Claiming himself not guilty, Siddique, 60, said it is the BIWTA that controls launch operations 10 days before and after the Eid.
"I am an owner. How can I know the number of passengers getting on my launch? I don't stay at launch ghat…," he said while talking to journalists at the Rapid Action Battalion (Rab) headquarters in Dhaka today.
Rab produced him before journalists at a press conference at its headquarters around 1:30pm.
A joint team from Rab-7 and 11 arrested Siddique at a house in Agrabad Housing area of Chittagong city around 3:30am.

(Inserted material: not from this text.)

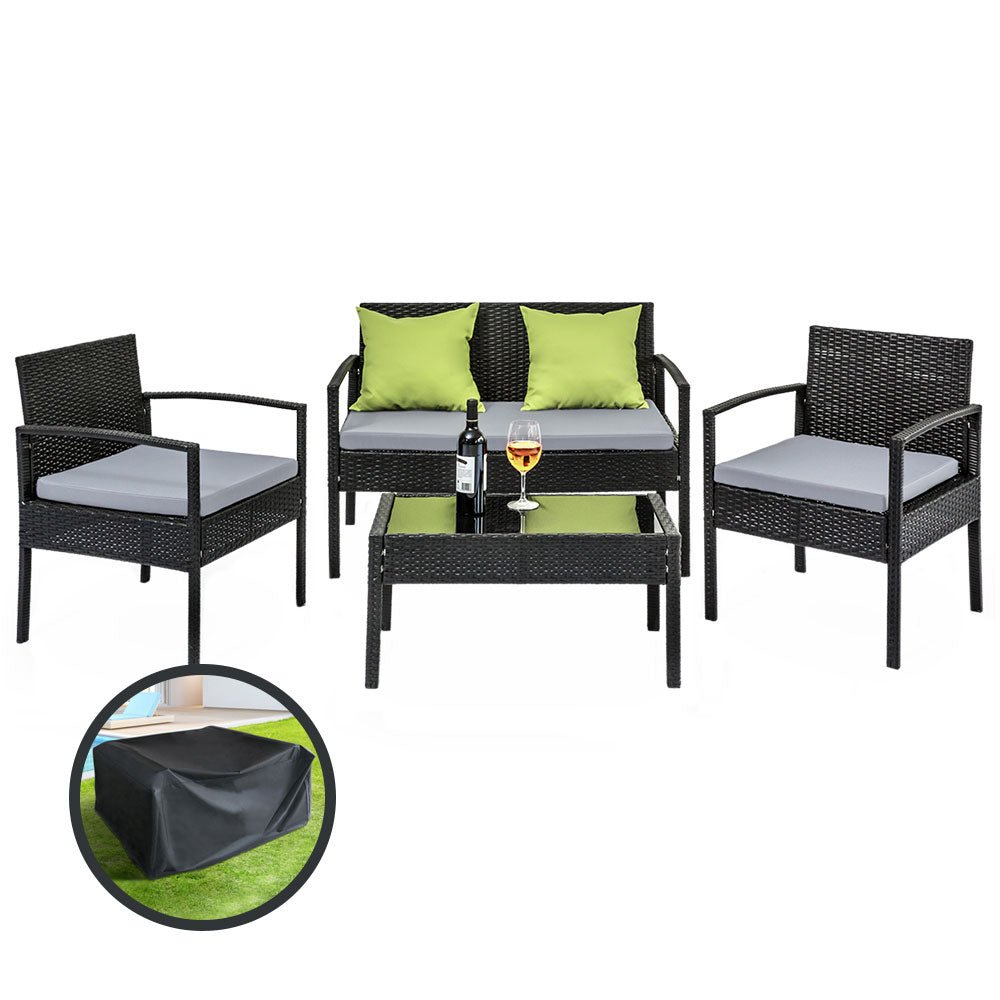 Outdoor Sofa Set Wicker Lounge Setting Table and Chairs Storage Cover - Furniture > Outdoor - Bedzy Australia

With over 200 passengers, the double-decker vessel, which was on its way to Mawa from Kawrakandi, sank in choppy waters and strong winds in Padma river around 11:00am on August 4.
During the briefing, Commander Mufti Mahmud Khan, director at Legal and Media Wing of Rab, said Siddique went into hiding soon after the capsize. “He stayed at several places in a bid to avert the arrest,” he said.

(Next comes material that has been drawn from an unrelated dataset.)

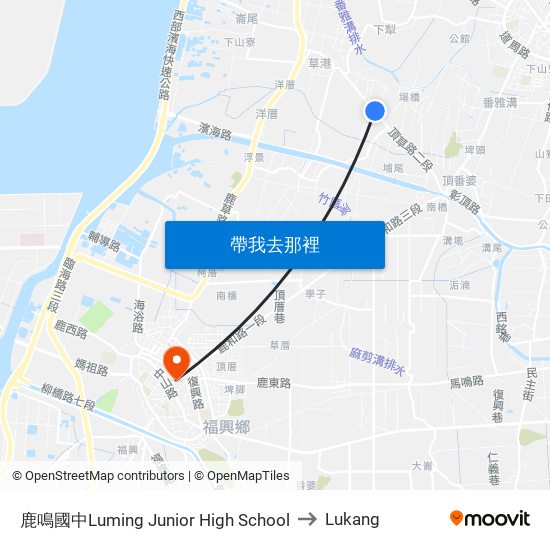 鹿鳴國中Luming Junior High School to Lukang map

The Rab official said there were no adequate safety and security measures in the launch, which was manufactured in 1991. Even, the master driver of the launch was driving the vessel without any licence, he added.
“Being influenced by greed, the launch owner was operating the vessel ignoring relevant rules,” he added.
With Tk 11 crore, Bakkar bought the launch around six years back from one Monirujjaman Khokon of Barisal. Since then, Bakkar’s eldest son Md Limon, 27, and nephew Ratul, 23, had been maintaining the vessel, Siddique said.
Siddique, however, claimed that Pinak-6 had all valid documents including the fitness certificate.
Holding the ghat lessees responsible for the incident, Siddique said, “We have to anchor our launches at Bangla Bazar and Kanthalbari ghats after leaving the Kawrakandi terminal. At the ghats, the lessees use to force us for taking passengers beyond the vessels’ capacity.”
“The lessees led by one Yakub Bapari use to force all launches to take about 60 to 70 extra passengers. They give us very small amount of money as fare. The lessees beat up the launch staff if they refused to take the passengers,” he said.
So far, bodies of 48 passengers of the ill-fated launch were recovered from different rivers while 62 are still missing.
After an eight-day search, the rescuers on Monday packed up and left, declaring the search operation abandoned.